### EXERCISE AIM
Scan the records beneath this line for the line holding "Alien vs predator" and the line holding "Dangle Drop Pierced", then transcribe exactly those two and all lines between.

### DATA SUPPLIED
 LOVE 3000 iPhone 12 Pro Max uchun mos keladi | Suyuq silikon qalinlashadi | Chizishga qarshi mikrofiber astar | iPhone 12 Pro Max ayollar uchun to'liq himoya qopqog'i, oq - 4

...

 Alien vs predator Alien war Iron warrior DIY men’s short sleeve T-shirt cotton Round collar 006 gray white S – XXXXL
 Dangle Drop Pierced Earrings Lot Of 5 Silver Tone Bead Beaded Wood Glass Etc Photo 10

--

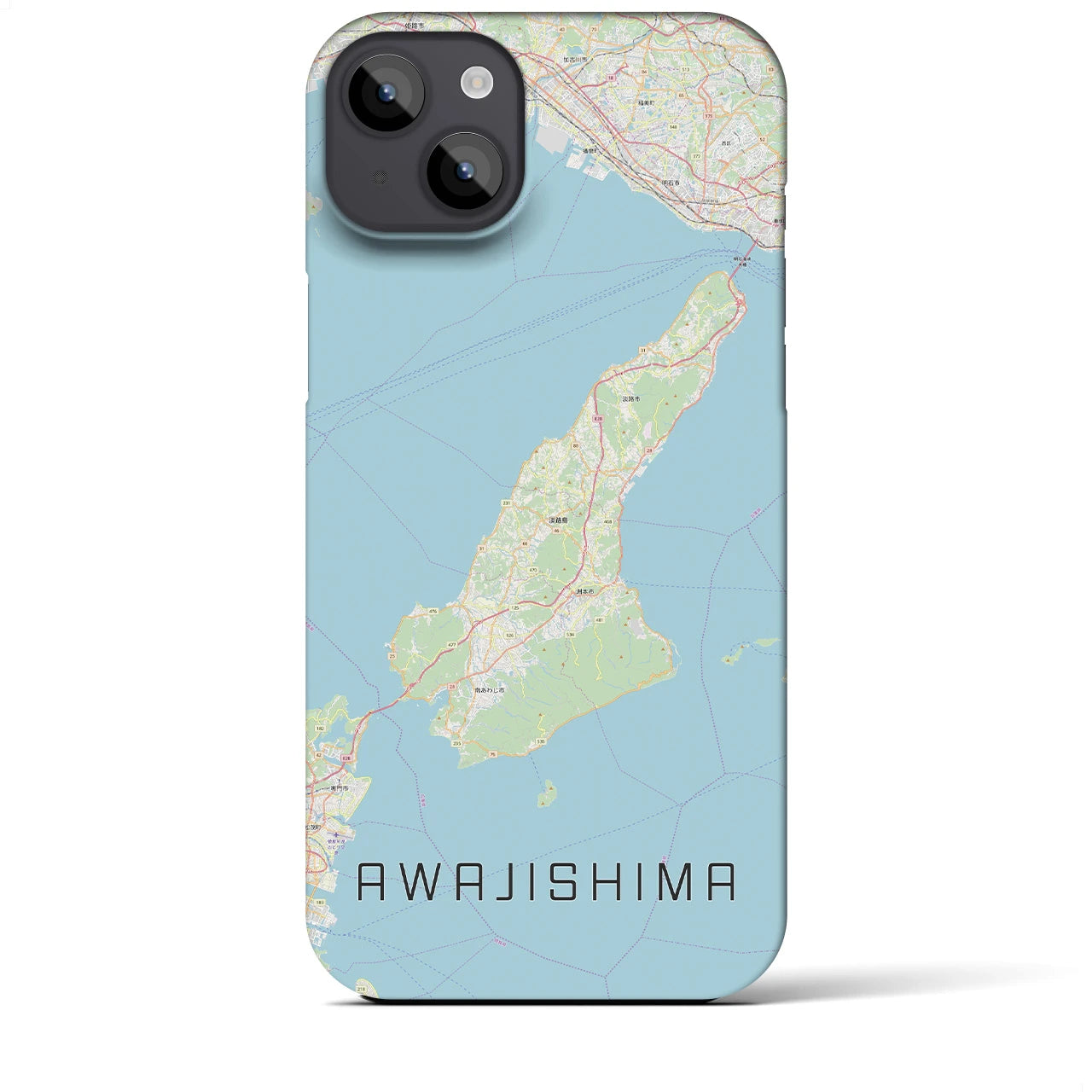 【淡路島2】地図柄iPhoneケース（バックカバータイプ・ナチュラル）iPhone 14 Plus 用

### EXERCISE ANSWER
 Alien vs predator Alien war Iron warrior DIY men’s short sleeve T-shirt cotton Round collar 006 gray white S – XXXXL
 Dangle Drop Pierced Earrings Lot Of 5 Silver Tone Bead Beaded Wood Glass Etc Photo 10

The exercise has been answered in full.